Content hierarchy is interesting because it’s as much a business challenge as a web design challenge. Companies with a well-defined narrative are in a much better position to plan content than companies who are still figuring out their story. If your narrative is not well-defined, jumping into the content hierarchy conversation is likely to wind up with you running in circles. Planning your messaging strategy first will go a long way towards sorting out your business story. When you reach this point, your content hierarchy will seemingly reveal itself.

Establish What’s Important

When designing content hierarchy, the goal is to guide your audience and tell them what is most important… and what is least important. Professional designers visualize these decisions in terms of trade-offs.

Let’s take a generic biotech website navigation for example:

  • Home
  • About
  • Team
  • Pipeline
  • Science
  • Investors
  • Contact
  • Privacy Policy

If we put all of these items in the site navigation at the top of the page, a site visitor will interpret all of these pages as being equally important. It’s important to note this interpretation is subconscious. We all make these judgements every day on every website we visit. Communicating to the subconscious as opposed to making a user consciously think about the site (i.e. “making them work”) is what user experience is all about!

An improved version of our navigation would be:

  • Home
  • About (Team can be a dropdown)
  • Pipeline
  • Science
  • Investors

Contact and Privacy Policy can be moved to the footer of the site. Site users instinctively know to check the footer for additional links they can’t find in the header navigation. This is a practice used on millions of websites and your site users won’t think twice about it. You’ve probably scrolled to the footer of a site looking for secondary info in the past 24 hours. Not sure? That’s because you don’t have to think about it!

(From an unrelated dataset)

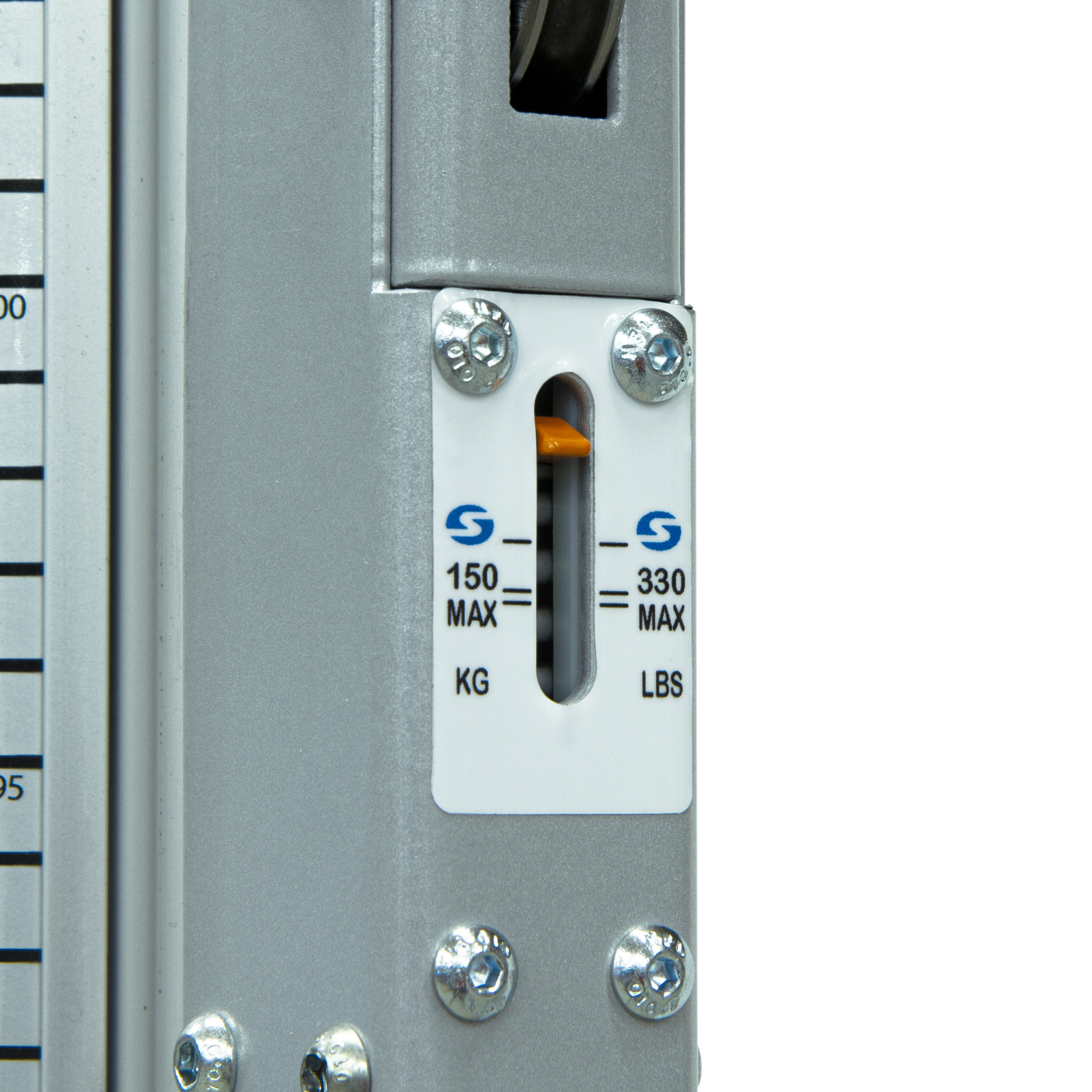 Schelde Sports Volleyballpost with TCS quick-tension equipment, ø 101 mm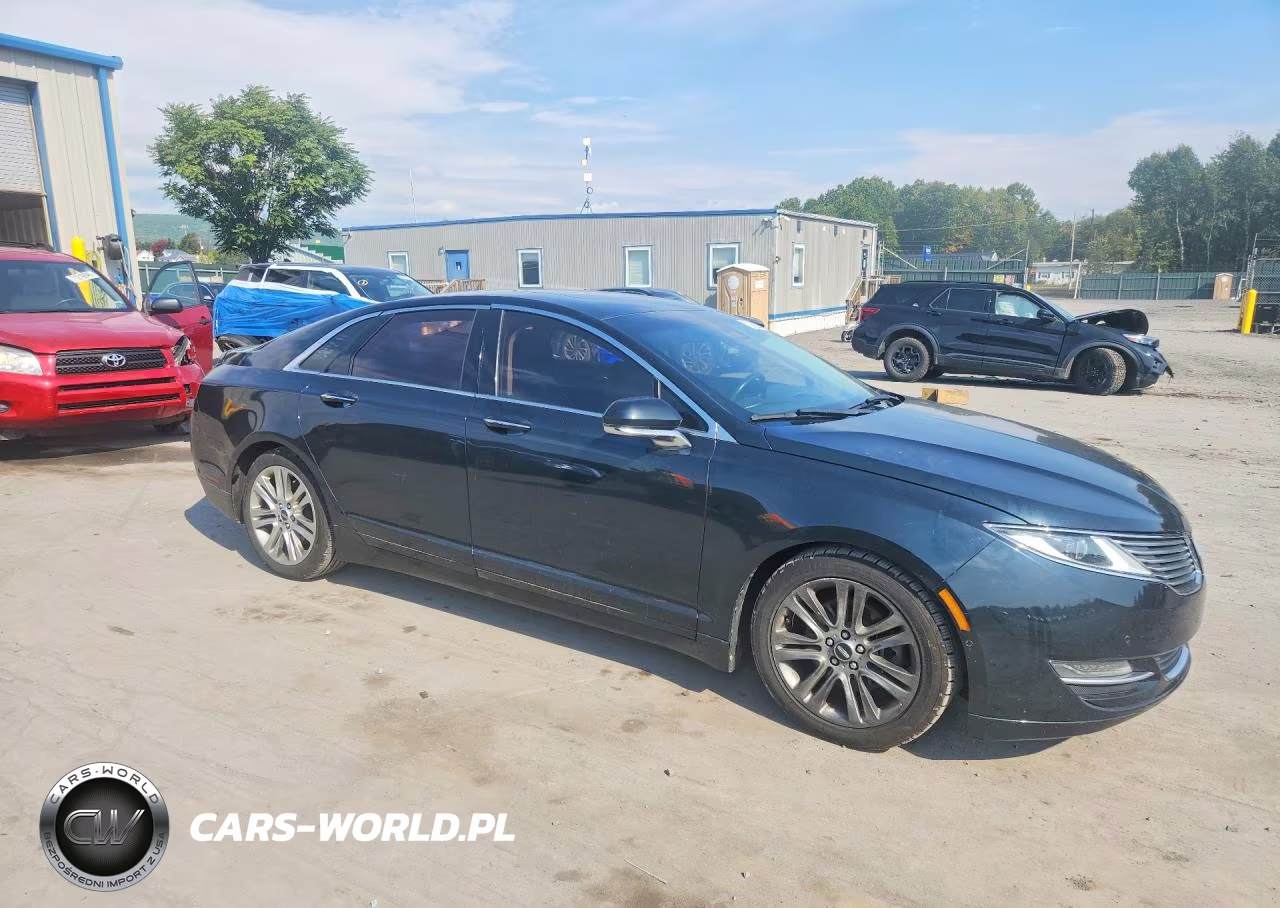 2014 Lincoln Mkz VIN:3LN6L2G97ER802680 - 4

Now our navigation has less items. The smaller list of items creates less work for site visitors. We have made it easier for our site visitors to find the site’s primary content and reduced their mental workload so they can stay focused. Success!

This same exercise can be applied to all of the content on your website. And there are several other options besides order that can contribute to a great content hierarchy.

More Options for Indicating Level of Importance

  • Size
  • Color
  • White space (more space around an item indicates more importance)
  • Typography
  • Contrast
  • Position

Thoughtfully mixing these options will achieve the best results. Professional web designers use these elements to solve content hierarchy challenges. And because they’ve encountered these challenges thousands of times, they will have an excellent grasp of what will work, what is appropriate for your industry, and how your content hierarchy can measure up to that of your competitors.